Medidas de Biossegurança: Além de EPI e EPC, todo o material contendo OGM será embalado e incinerado ao término do trabalho. Todos os trabalhos serão desenvolvidos em capelas de fluxo laminar, desinfetadas antes e após o uso. Placas de Petri e tubos de ensaio serão descartados em recipientes próprios. O trabalho será executado em condições de NB-2.
VIII- Processo n.º 01200.003108/2002-31
Interessado: Faculdade de Ciências Médicas da Universidade Estadual do Rio de Janeiro.
CNPJ: 33.540.014.014/0001-57.
Endereço: Av. Prof. Manoel de Abreu 444 ? 2º Andar ? Rio de Janeiro ? RJ ? CEP: 20550-170. Telefone: 21 ? 25876104. Fax: 21 ? 2569.
Assunto: Avaliação de projeto envolvendo OGM do grupo II: ?Aspectos bioquímicos e transdução de sinais do processo de interação entre Leishmania braziliensis e macrófagos: base para o desenvolvimento de um novo protocolo de vacinação?.
Parecer da CTNBio: Favorável. Este projeto visa estudar os aspectos bioquímicos da interação de Leishmania braziliensis com a célula hospedeira, visando identificar genes de enzimas participantes de sistemas de transdução de sinais essenciais para a virulência do parasita. Posteriormente, visa a deleção destes genes, produzindo parasitas atenuados para serem utilizados em vacinação.

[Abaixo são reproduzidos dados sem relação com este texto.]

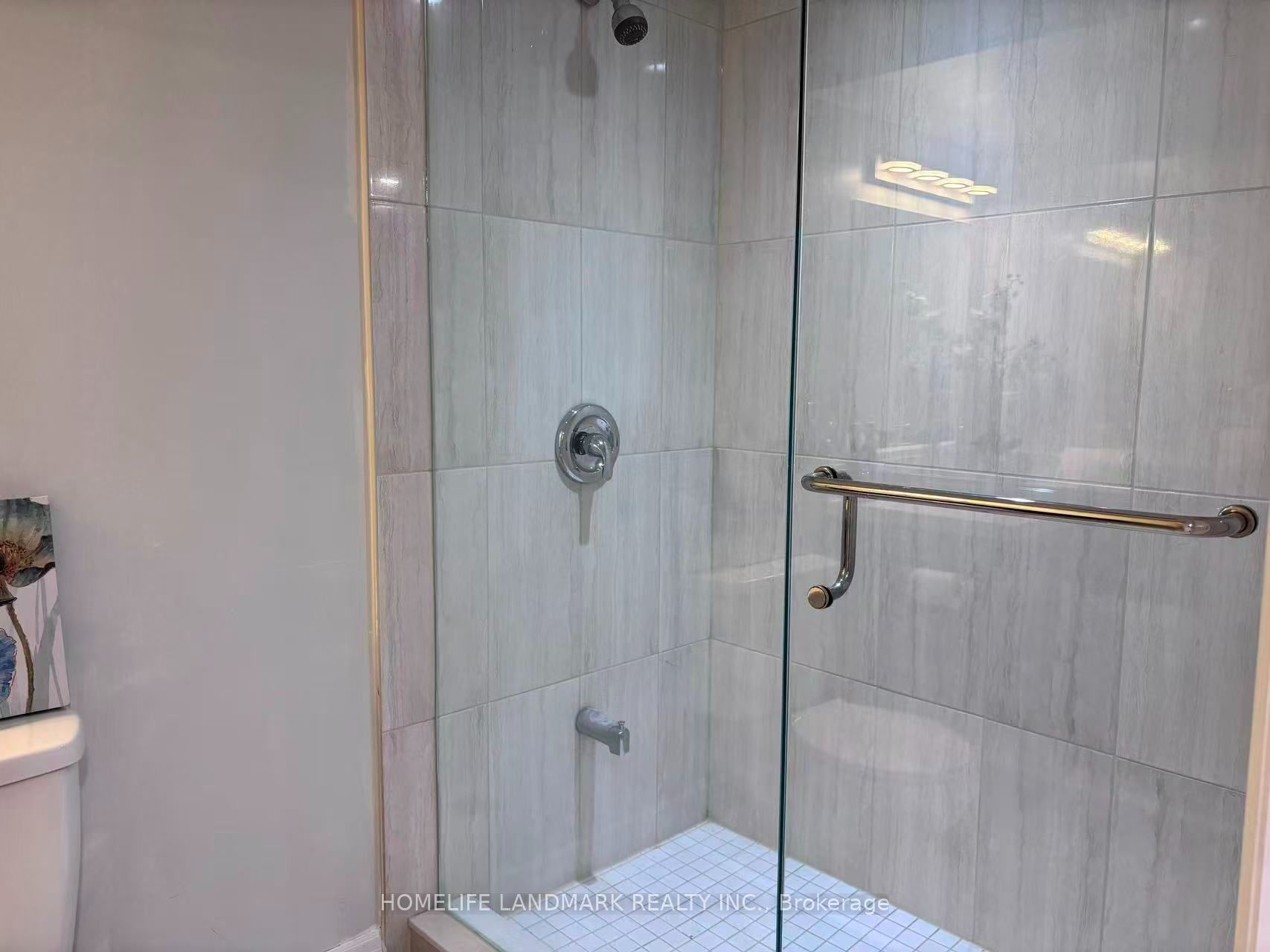 2410 Bridle Road Property Photo 21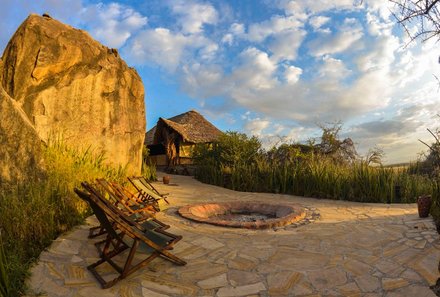 Familienreise Tansania - Tansania for family individuell deluxe - Conservation Area - Olduvai Ndogo Camp - Feuerstelle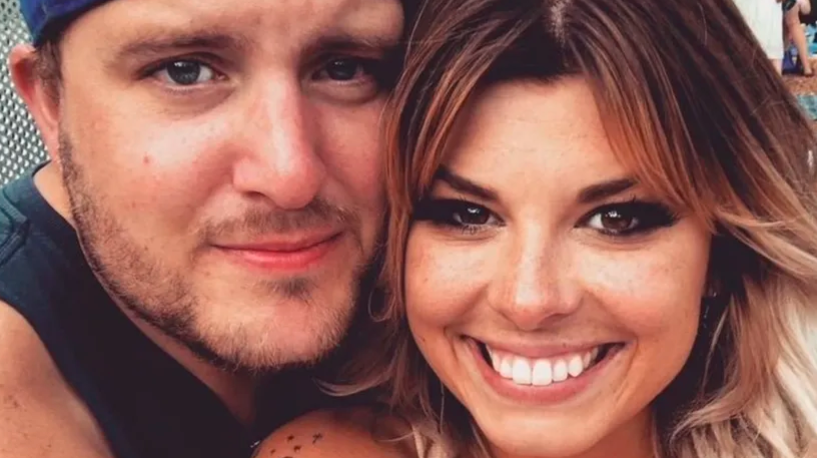 Su mejor amigo le confesó su amor en su boda: a los dos años se separó y se casó con él | Información General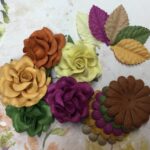 Sweet Roses 4” Leaves and Daisies PLUM GROVE FLOURISH 15pc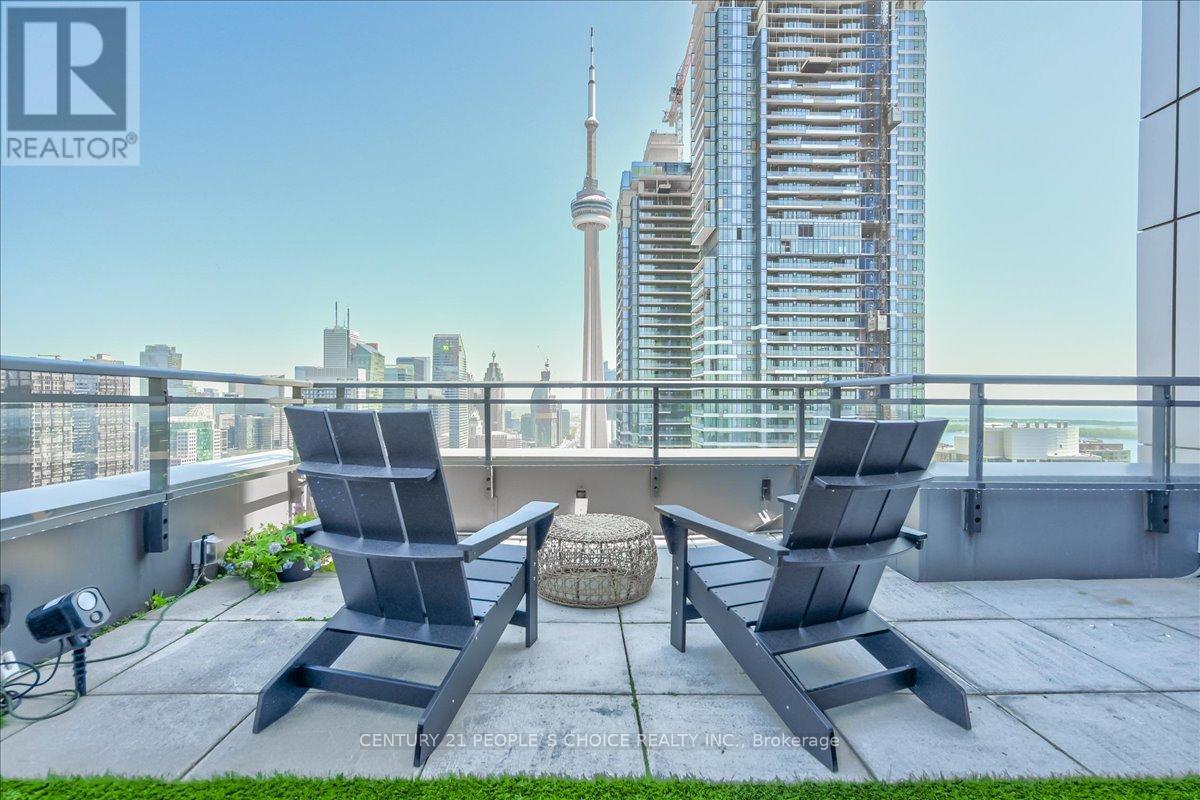 PH5201 - 25 TELEGRAM MEWS, Toronto, Ontario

A ligação da Leishmania com o macrófago deve-se a diferentes sistemas receptor-ligante, envolvendo receptores encontrados no macrófago, moléculas de superfície do parasita e fatores derivados do soro. Além disso, o processo de metaciclogênese da Leishmania, no qual o parasita torna-se capaz de infectar o hospedeiro, é essencial na interação Leishmania-macrófago. Este processo é desencadeado através da ativação de sistemas de transdução de sinais, que envolve as proteínas caseína cinase II (CKII) e cinase C (PK C).
As seqüências nucleotídicas e protéicas de membros das famílias de proteínas PKC e CK II, serão utilizadas na obtenção de oligonucleotídeos que amplifiquem seqüências similares de L. braziliensis. As seqüências obtidas por amplificação serão clonadas para seqüenciamento e para estudos de expressão gênica. Seqüências genômicas regulatórias obtidas por Southern blotting dos fragmentos de DNA genômico homólogos aos produtos de PCR (PKC e CK II deletados) também serão clonados em vetores comerciais. O trabalho deverá ser conduzido em NB-2.
Medidas de Biossegurança: Além de EPI e EPC, todo o material contendo OGM será embalado e incinerado ao término do trabalho. Todos os trabalhos serão desenvolvidos em capelas de fluxo laminar, desinfetadas antes e após o uso. Placas de Petri e tubos de ensaio serão descartados em recipientes próprios. O trabalho será executado em condições de NB-2.
Informações complementares: Esclarecemos que este comunicado não exime a requerente do pedido de autorização de funcionamento do laboratório aos Ministérios competentes, de acordo com o disposto no artigo 7º, IV da Lei 8.974/95.